The above list of features should make it clear that a well set-up IDE can be as important as a well set-up R installation for becoming an efficient R programmer.^[Other
open source R IDEs exist, including [RKWard](https://rkward.kde.org/), [Tinn-R](http://sourceforge.net/projects/tinn-r/) and [JGR](https://www.rforge.net/JGR/). [emacs](https://www.gnu.org/software/emacs/) is another popular software environment. However, it has a very steep learning curve.]
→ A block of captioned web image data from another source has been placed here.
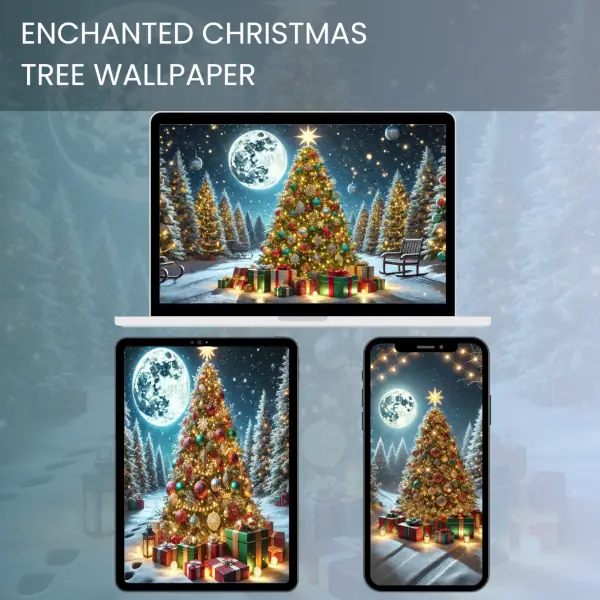 Enchanted Christmas tree with glowing lights, ornaments, and presents under a snowy night sky with a full moon.600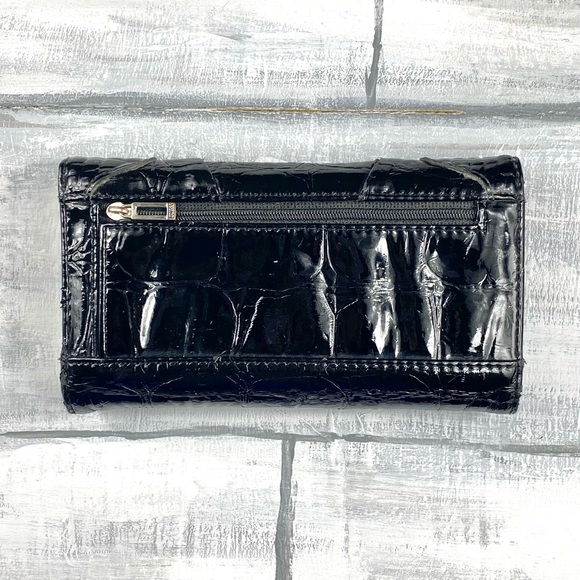 Guess Black Faux Leather Croc Embossed Long Wallet Card Holder Billfold Clutch - Picture 4 of 16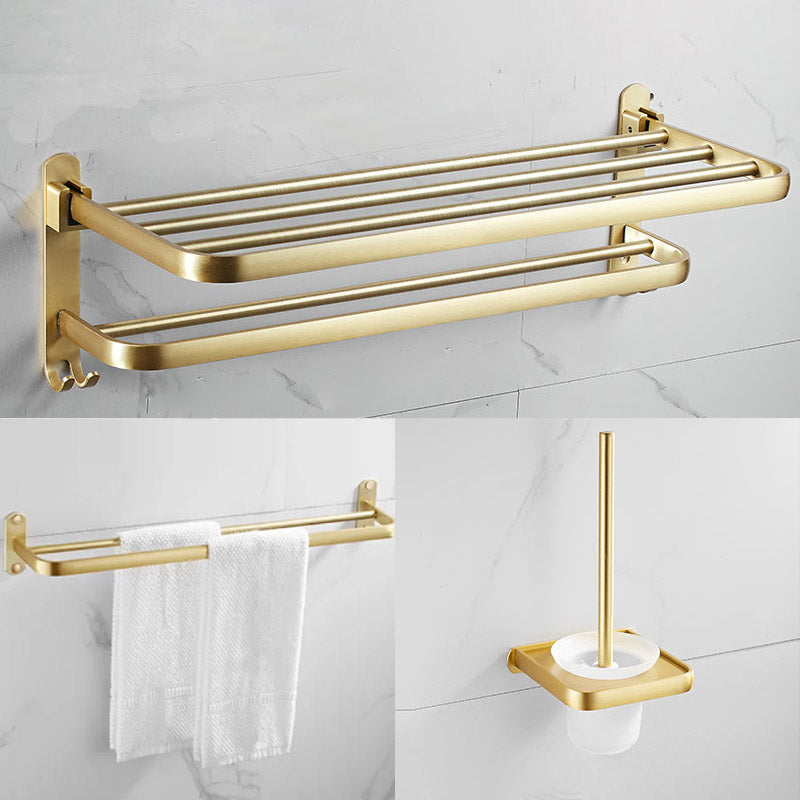 Modern Gold Bathroom Accessory Kit Towel Bar Bath Shelf Bath Hardware Set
As with R itself, the best way to learn about RStudio is by using it.
It is therefore worth reading through this section in parallel with using RStudio to boost your productivity.
### Installing and updating RStudio {#install-rstudio}
RStudio is a mature, feature rich and powerful Integrated Development Environment (IDE) optimised for R programming and has become popular among R developers. The Open Source Edition is completely open source (as can be seen from the project's GitHub repo). It can be installed on all major OSs from the RStudio website [rstudio.com](https://www.rstudio.com/products/rstudio/download/).
If you already have RStudio and would like to update it, simply click `Help > Check for Updates` in the menu.
For fast and efficient work, keyboard shortcuts should be used wherever possible, reducing the reliance on the mouse.
RStudio has many keyboard shortcuts that will help with this.
To get into good habits early, try accessing the RStudio Update interface without touching the mouse.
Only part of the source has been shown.